■ **TASK GOAL**
With all pictures omitted, return verbatim the lines from the beginning of the records below through the line containing "Chinese Teaware Cha Dao Red Wood Gourd Shape".

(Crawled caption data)
=== Section Start ===
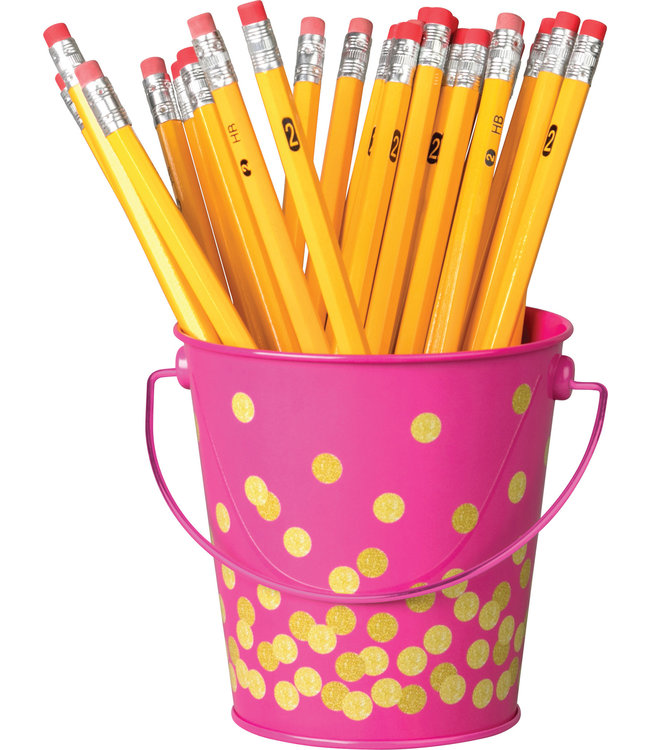 Pink Confetti Bucket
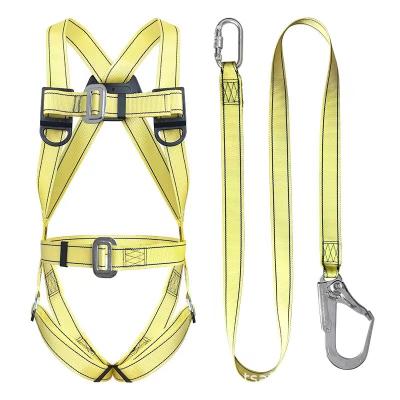 China Safety High Strength Flame Retardant Rope Aerial Work Belt Safety Full Body Five Point Fall Prevention for sale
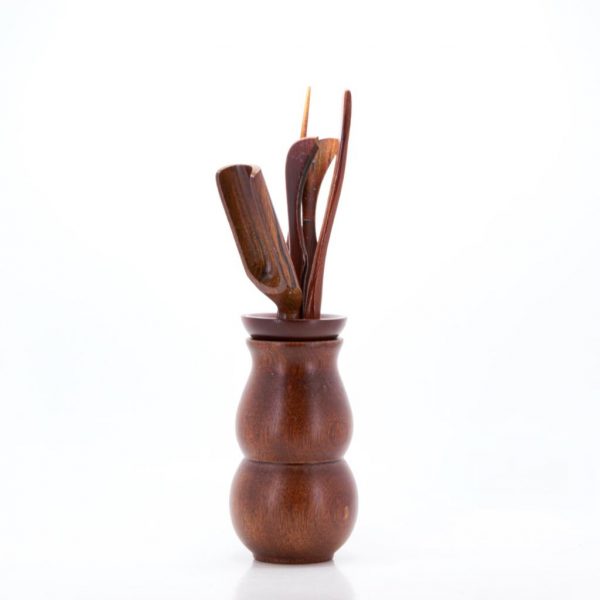 Chinese Teaware Cha Dao Red Wood Gourd Shape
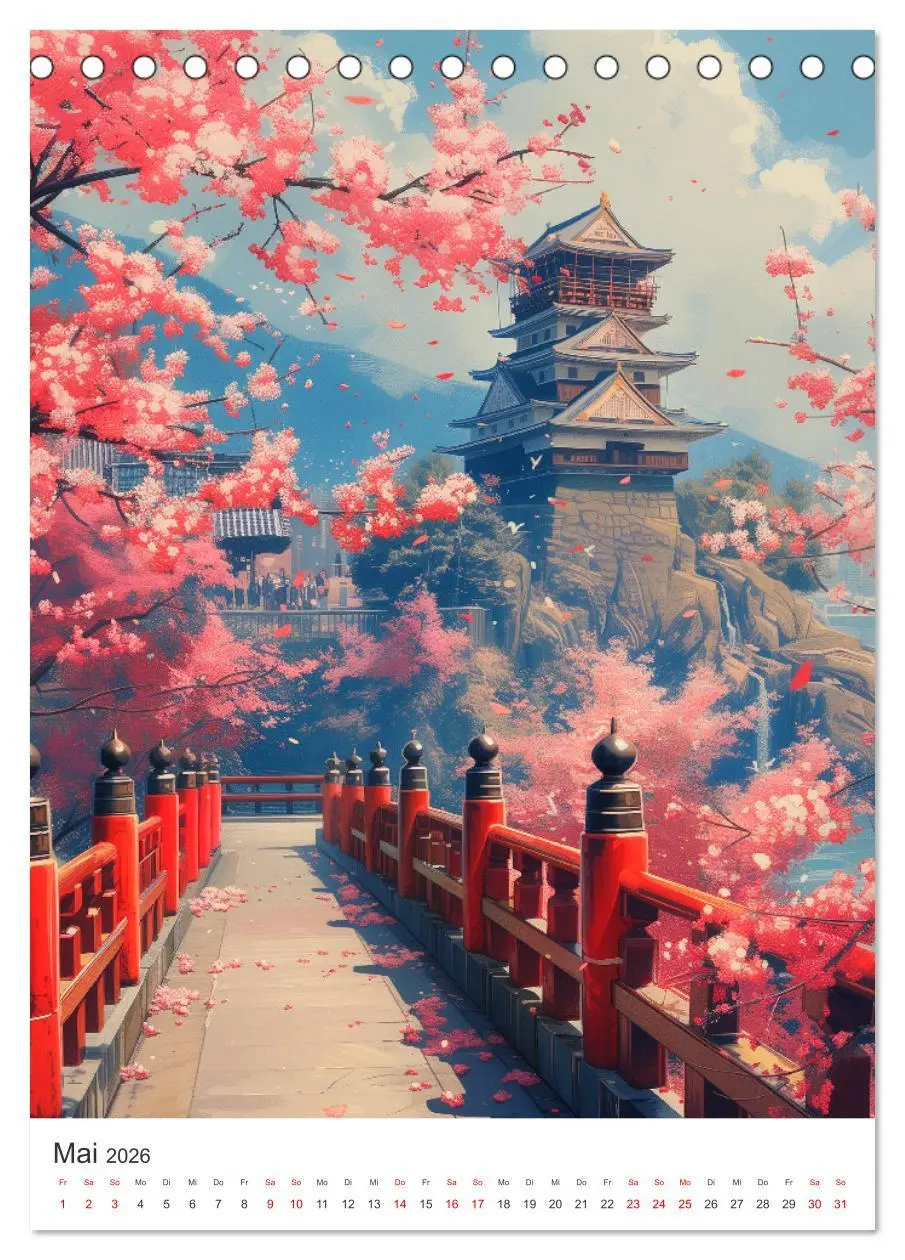 Bild: 9783516273076 | Japan. Impressionen im Aquarell-Stil (Tischkalender 2026 DIN A5...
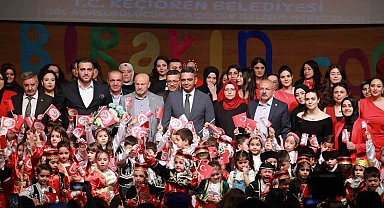 Keçiören'de 23 Nisan coşkusu erken başladı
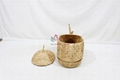 Handwoven Whale Shaped Basket – Natural Water Hyacinth Storage Bin 3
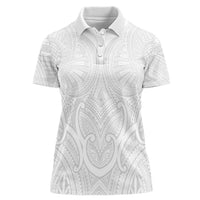 Samoan Traditional Art Tattoos Women Polo Shirt Tatau Roman Reigns White Color LT03 Female White - Polynesian Pride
=== Section End ===
■ **OUTPUT**
 Pink Confetti Bucket
 China Safety High Strength Flame Retardant Rope Aerial Work Belt Safety Full Body Five Point Fall Prevention for sale
 Chinese Teaware Cha Dao Red Wood Gourd Shape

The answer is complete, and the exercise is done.